On 5/11/26 15:10, Usama Arif wrote:
> 
> 
> On 11/05/2026 07:36, David Hildenbrand (Arm) wrote:
>>
>>>
>>> Hello!
>>
>>
>> Hi!
>>
>>>
>>> I think (3) definitely makes sense.
>>>
>>> I have not had a deep look at KSM up until just now, so might be dumb
>>> to say all of below.. :)
>>>
>>> What I see is that KSM scans THPs as 512 individual 4K subpages and splits the
>>> THP whenever it actually wants to merge a single 4K chunk. That seems like a
>>> lot of work for a single 4K?
>>
>> Yes, but that's what the users ask for: if there is a chance to deduplicate
>> memory, it shall be deduplicated asap.
>>
>>>
>>> One thing that came to my mind is to have a separate tree for THPs and only
>>> merge the THPs that have the same content, but the possibility of encoutering
>>> 2M pages with same content is extremely low? so this is probably a bad idea.
>>
>> Right, the probability is low, and it would change existing semantics, breaking
>> existing users.
>>
>> In addition, we would have to add large folio support for KSM, which I rather
>> would avoid.
>>
>>>
>>> An alternative is, does it even make sense to process and split THPs by KSM
>>> in the way it works now? IMO this is a lot of work for a single 4K merge.
>>> Shrinker is designed to release memory when its needed, i.e. reclaim, at
>>> which point IMO free memory is more important than performance. But KSM runs
>>> all the time.. so constantly splitting THPs everytime a single 4K can be
>>> merged just hurts performance all the time.
>>
>> Right, but that's what you get with KSM: bad performance if there is a chance to
>> deduplicate :)
>>
>> (and bad performance from scanning overhead)
>>
>>> If someone cares about memory,
>>> they should be running the shrinker.
>>
>> It's not just the zero page, but really any page content. The zero page is
>> currently only "special" after we added conditional support to deduplicate to
>> the shared zeropage in KSM. The shrinker doesn't help for any other page content
>> besides zero-filled.
>>
>> Further, the shrinker is something system-wide, whereby KSM is usually only
>> enabled for selected VMAs (with some exceptions nowadays).
>>
>> Also note that KSM deduplicates independent of the folio size: not just THPs,
>> but really any (large) folio. Yes, it splits large folios, but that's really
>> just to keep the T in THP.
>>
>>> Is a better alternative that KSM skips
>>> THPs, THP shrinker splits THPs into 4K subpages when memory is needed, and
>>> only then KSM gets those 4K subpages?
>>>
>>> Above sounds like reworking KSM, but just wanted to put it out there.
>>
>> Right, and it makes KSM more THP aware. Which is something I would avoid right now.
>>
>>>
>>> (2) + (3) sounds like a good solution, but I wonder if above alternative
>>> of KSM just skipping THPs might be better?
>>
>> That would change the semantics where, for example, where we expect that memory
>> was deduplicated after a KSM run.
>>
>> VMs (where KSM is usually employed) are expected to be mostly backed by THPs:
>> except where we can deduplicate memory. Skipping THPs would essentially break
>> the main use case for KSM :)
>>
>> Does that make sense?
>>
> 
> Yes, all of above makes sense. But I feel like this means someone should not
> set THP policy to always and enable KSM together. 

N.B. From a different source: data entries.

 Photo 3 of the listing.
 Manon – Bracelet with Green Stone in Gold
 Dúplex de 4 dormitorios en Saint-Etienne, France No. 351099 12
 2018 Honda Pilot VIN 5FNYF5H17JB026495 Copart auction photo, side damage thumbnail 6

IIRC, QEMU will, as default, set MADV_HUGEPAGE and MADV_MERGEABLE :)

(KSM itself later has to be enabled manually on a system level)

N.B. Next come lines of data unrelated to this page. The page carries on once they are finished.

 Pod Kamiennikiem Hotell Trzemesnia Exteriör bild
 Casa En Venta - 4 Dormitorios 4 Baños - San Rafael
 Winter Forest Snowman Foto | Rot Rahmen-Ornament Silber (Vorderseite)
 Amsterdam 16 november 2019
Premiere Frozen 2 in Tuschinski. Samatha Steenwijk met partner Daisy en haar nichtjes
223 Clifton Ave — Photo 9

> In general I feel like KSM
> is not something that should be run on big servers, as hopefully you are
> not managing memory as 4K chunks for big machines and using a lot of THPs.

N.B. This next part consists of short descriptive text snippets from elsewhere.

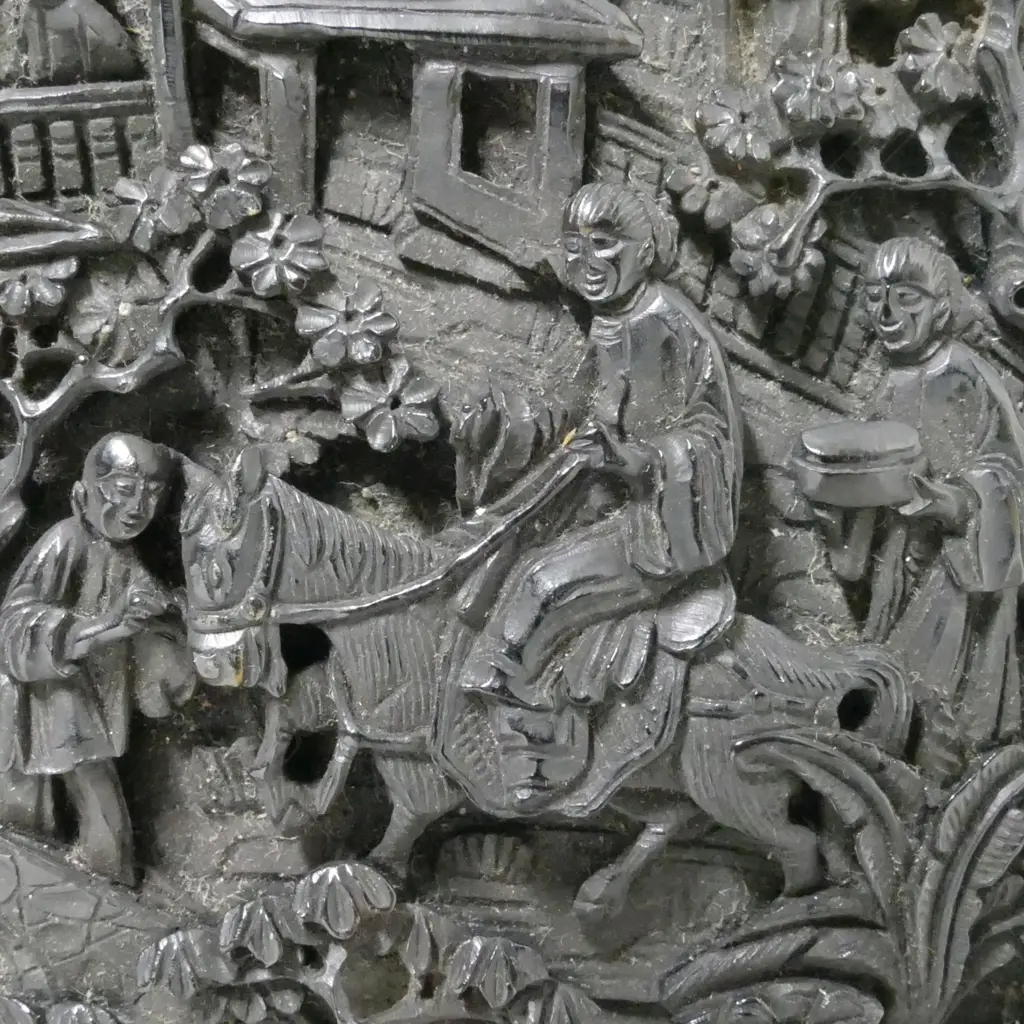 A 19thC Chinese finely carved tortoiseshell table snuff box Image 1++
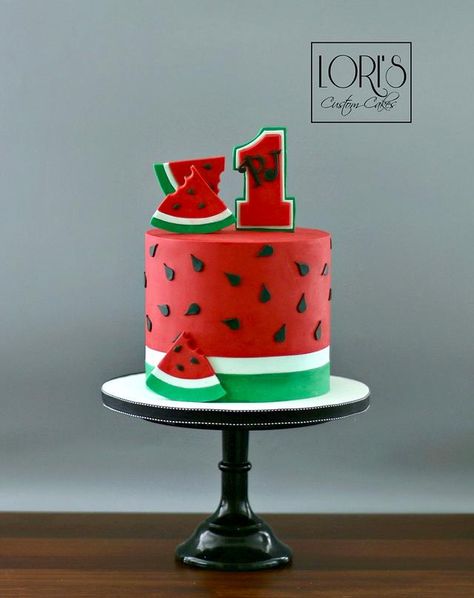 Watermelon Cake Birthday, Melon Cake, Fruit Birthday Party, Watermelon Birthday Parties, Fruit Birthday, Watermelon Cake, Watermelon Party, Watermelon Birthday, Dessert Party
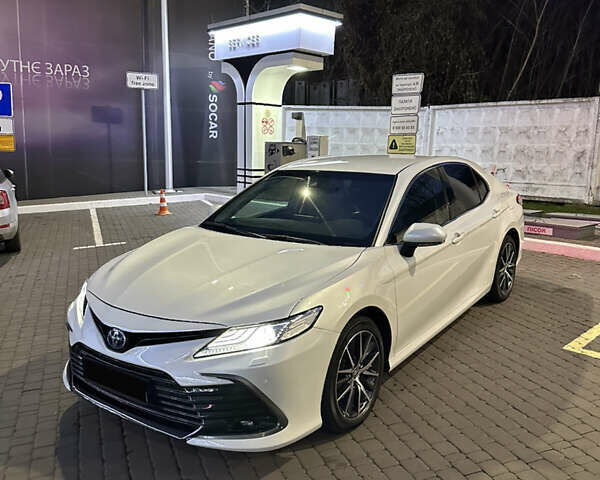 Белый Тойота Камри, объемом двигателя 2.49 л и пробегом 40 тыс. км за 37000 $, фото 8 на Automoto.ua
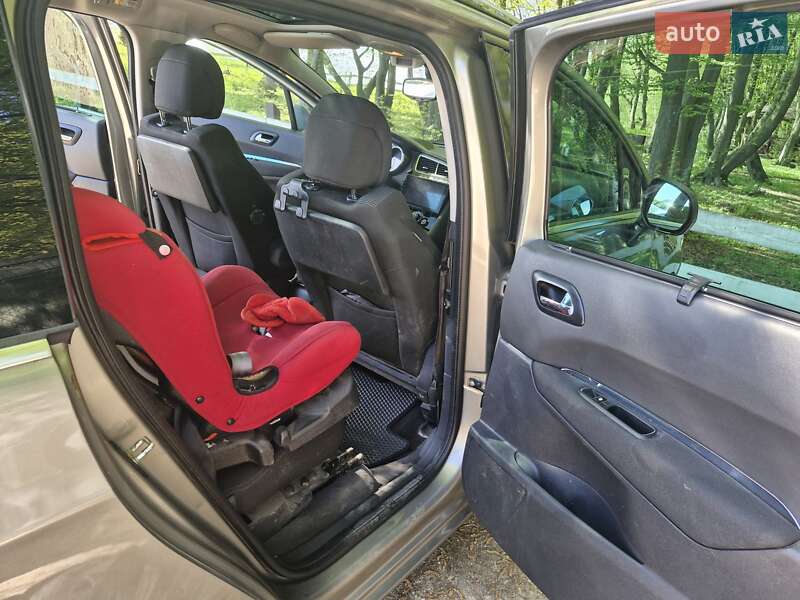 Микровэн Peugeot 5008 2010 в Рогатине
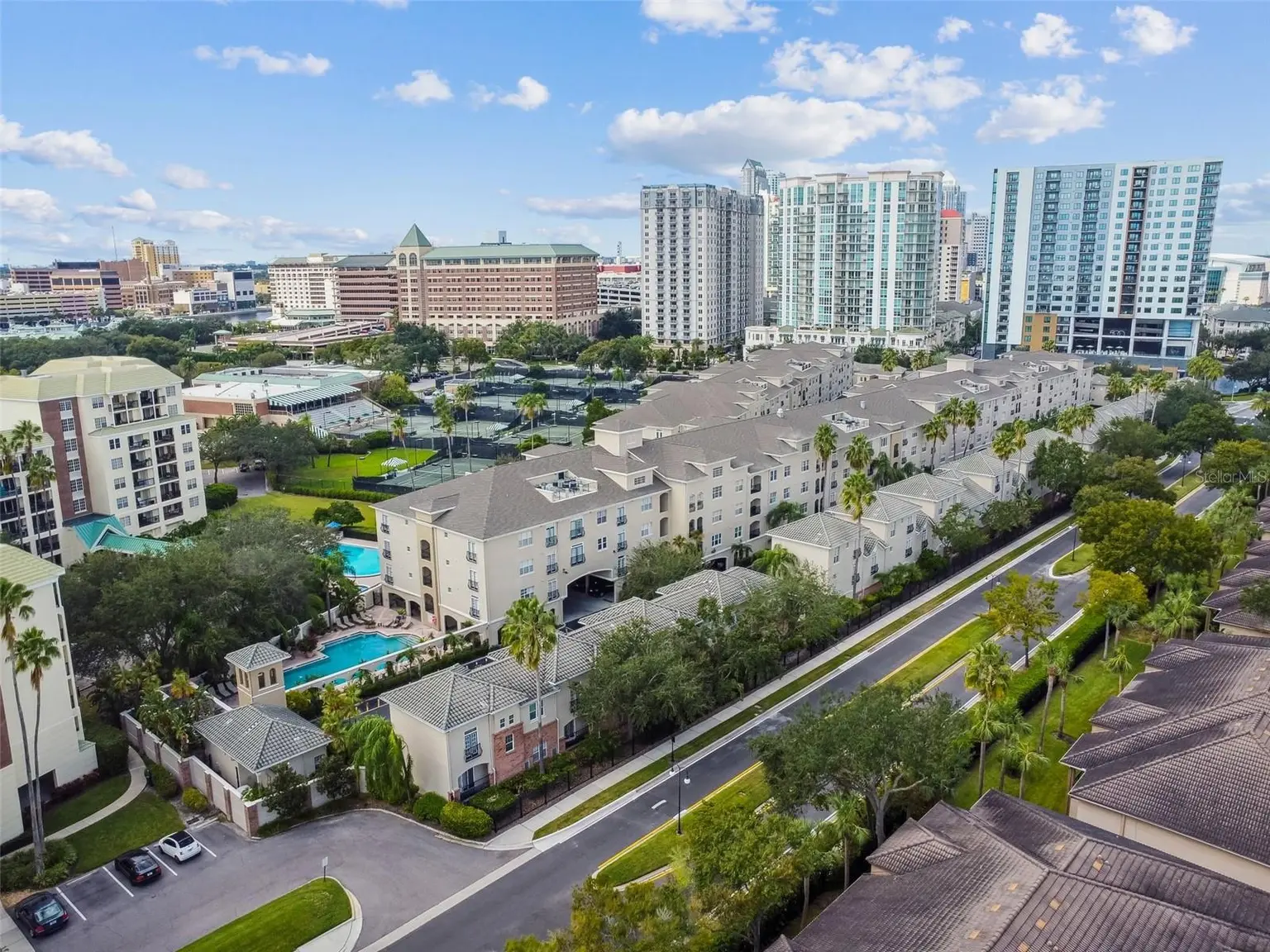 501 KNIGHTS RUN AVENUE #2211, TAMPA, FL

Right. But the 4k chunks are movable and compaction can move them around to
create THPs elsewhere.

-- 
Cheers,

David

^ permalink raw reply	[flat|nested] 12+ messages in thread

* Re: [RFC] mm: restrict zero-page remapping to underused THP splits
  2026-05-11 13:42         ` David Hildenbrand (Arm)
@ 2026-05-11 13:44           ` David Hildenbrand (Arm)
  2026-05-11 14:15             ` Usama Arif
  0 siblings, 1 reply; 12+ messages in thread
From: David Hildenbrand (Arm) @ 2026-05-11 13:44 UTC (permalink / raw)
  To: Usama Arif
  Cc: Nico Pache, linux-mm, linux-kernel, yuzhao, usamaarif642,
	lance.yang, baohua, dev.jain, ryan.roberts, liam, baolin.wang,
	ziy, ljs, akpm

On 5/11/26 15:42, David Hildenbrand (Arm) wrote:
> On 5/11/26 15:10, Usama Arif wrote:
>>
>>
>> On 11/05/2026 07:36, David Hildenbrand (Arm) wrote:
>>>
>>>
>>>
>>> Hi!
>>>
>>>
>>> Yes, but that's what the users ask for: if there is a chance to deduplicate
>>> memory, it shall be deduplicated asap.
>>>
>>>
>>> Right, the probability is low, and it would change existing semantics, breaking
>>> existing users.
>>>
>>> In addition, we would have to add large folio support for KSM, which I rather
>>> would avoid.
>>>
>>>
>>> Right, but that's what you get with KSM: bad performance if there is a chance to
>>> deduplicate :)
>>>
>>> (and bad performance from scanning overhead)
>>>
>>>
>>> It's not just the zero page, but really any page content. The zero page is
>>> currently only "special" after we added conditional support to deduplicate to
>>> the shared zeropage in KSM. The shrinker doesn't help for any other page content
>>> besides zero-filled.
>>>
>>> Further, the shrinker is something system-wide, whereby KSM is usually only
>>> enabled for selected VMAs (with some exceptions nowadays).
>>>
>>> Also note that KSM deduplicates independent of the folio size: not just THPs,
>>> but really any (large) folio. Yes, it splits large folios, but that's really
>>> just to keep the T in THP.
>>>
>>>
>>> Right, and it makes KSM more THP aware. Which is something I would avoid right now.
>>>
>>>
>>> That would change the semantics where, for example, where we expect that memory
>>> was deduplicated after a KSM run.
>>>
>>> VMs (where KSM is usually employed) are expected to be mostly backed by THPs:
>>> except where we can deduplicate memory. Skipping THPs would essentially break
>>> the main use case for KSM :)
>>>
>>> Does that make sense?
>>>
>>
>> Yes, all of above makes sense. But I feel like this means someone should not
>> set THP policy to always and enable KSM together. 
> 
> IIRC, QEMU will, as default, set MADV_HUGEPAGE and MADV_MERGEABLE :)
> 
> (KSM itself later has to be enabled manually on a system level)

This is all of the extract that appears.